I've been pondering my own pantheon.  I created a few interesting gods for LEW, but I've pondered an entire pantheon before.

If I get some free time, maybe I will.  Heck, I'd let NLF use it too if he wanted too.


----------



## Bront (Dec 22, 2005)

Rystil Arden said:
			
		

> Well, that's only if you're roleplaying them as NPCs.  I mean that the deities themselves are just rather...uninspiring.  When I read any other set of gods I've seen, it always inspires me to great new character ideas that I want to play.  When I read the Greyhawk gods, the only thing they inspire me to do is to find another set of gods as quickly as possible.
> 
> Now if a random D&D player, say my little brother who doesn't care one way or the other for mythologies said that, I wouldn't really find it unusual, but I find my opinion to be telling (to me, which is possibly biased ) because that I am a mythology enthusiast and I love learning about all sorts of random real-world mythologies (I don't really know anyone who knows more random mythology stuff).  The only religion, real or fictional, that I have ever seen that bores me and doesn't make me want to study it is the Greyhawk pantheon
> 
> That is, of course, just me though



I believe it's somewhat bland by design though.
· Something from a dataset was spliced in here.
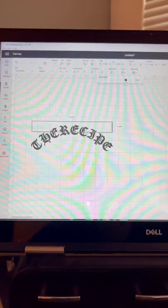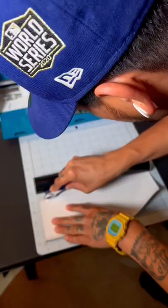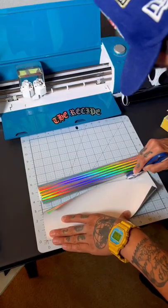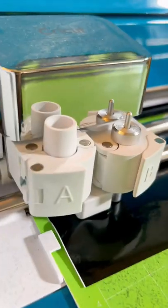In Cricut Design Space, we're going to add some text and we're going to add some offset. We're going to go ahead and cut up both of our colors, and when we load our vinyl into the machine, we're going to put it on a paper setting really low so it doesn't rip through the vinyl.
What do you think of the LEW mythos?


----------



## Nonlethal Force (Dec 22, 2005)

Rystil Arden said:
			
		

> That is, of course, just me though




Yepppers, I agree.  That's just you.    

...

...

No, I see what you mean.  I think they could have more stuff about them.  They are missing the real world elements of mythology.  How did/do the gods interact?  Who is allied with whom?  Why do they have the names they do?  [Okay, besides Corelion Larethian - and his name should be changed just because it's impossible to spell correctly wihtout looking!]

anyway, I see where you are going.  I use 'em cause they're there and they work well enough for the PbP games.  Why mess with a good thing?


----------



## Nonlethal Force (Dec 22, 2005)

Oh - and up to 15 hopefuls posted.  Not bad.  I don't envy you and that decision....


----------



## Rystil Arden (Dec 22, 2005)

Bront said:
			
		

> I've been pondering my own pantheon.  I created a few interesting gods for LEW, but I've pondered an entire pantheon before.
> 
> If I get some free time, maybe I will.  Heck, I'd let NLF use it too if he wanted too.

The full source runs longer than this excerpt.